Les ministres extrémistes Hutu Power du troisième gouvernement pluripartite – en fonction au 6 avril – alors présents à l’ambassade y furent convoyés par la Garde présidentielle, dont certaines unités perpétraient au même moment l’assassinat de politiciens de l’opposition démocratique, de personnalités institutionnelles ou de la société civile considérées comme opposants, et de membres de la population tutsie. L’ambassadeur accepta de les accueillir, mais il alla bien plus loin puisqu’il fut constamment informé des décisions que ces responsables politiques prirent durant quelques jours au sein de l’ambassade concernant en particulier la formation du gouvernement intérimaire. Davantage encore, il les encouragea à reprendre la situation en main, leur donnant ainsi le sentiment qu’il les soutenait, puis organisa l’évacuation d’un certain nombre d’entre eux en cogérant la sélection des candidats à l’exfiltration.

En revanche, l’ambassade de France se garda d’accomplir tout geste, de prendre toute initiative, qui eût pu apporter une aide aux personnes pourchassées, qu’il s’agît de personnalités de l’opposition, de civils tutsis en général ou des personnels tutsis de ses propres services en particulier. Dans ce dernier cas, le même comportement inflexible fut maintenu jusqu’au bout, malgré un télégramme diplomatique de Paris donnant la directive à l’ambassade d’offrir à ces personnels la possibilité de quitter Kigali, télégramme qui ne donnera lieu à aucune instruction. Plus largement, l’ambassadeur opposera un refus catégorique d’évacuation aux opposants menacés – on pense par exemple au procureur de la République – ou aux membres de la population tutsie qui parviendront à contacter l’ambassade. Les quelques exceptions à cette règle ne relèveront d’aucune volonté propre à celle-ci de protéger des personnes en danger et ne feront que souligner ce qui fut une politique qui a été à fort juste titre décrite comme une politique d’asile et d’exfiltration menée sur des bases de sélection politique et ethnique.

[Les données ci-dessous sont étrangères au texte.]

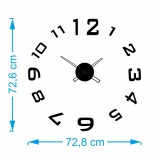 Zegar na ścianę ROULETTE XL NT Naklejkomania - zdjecie 2 - miniatura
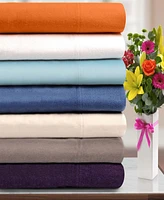 Superior Solid Flannel Cotton Deep Pocket Sheet Set, Twin Xl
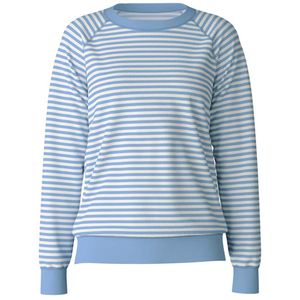 Maglia Lounge Velours a righe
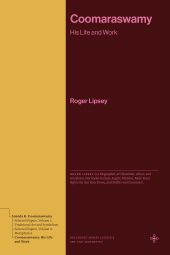 E-book, Coomaraswamy : His Life and Work, Princeton University Press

L’ambassade apporta ainsi de bout en bout sa caution à l’installation du gouvernement intérimaire. Elle finit de se déconsidérer en s’opposant jusqu’au dernier moment, malgré l’accord donné dans ce sens par la cellule Afrique de l’Élysée, à l’évacuation des enfants d’Agathe Uwilingiyimana, la Première ministre assassinée, alors même qu’elle fit procéder à l’évacuation de la famille de Juvénal Habyarimana et d’orphelins d’une institution parrainée par l’épouse de celui-ci. Les enfants de la Première ministre ne furent finalement évacués et n’auront la vie sauve que grâce à la détermination que mit un universitaire français, André Guichaoua, à s’opposer à ce traitement différencié.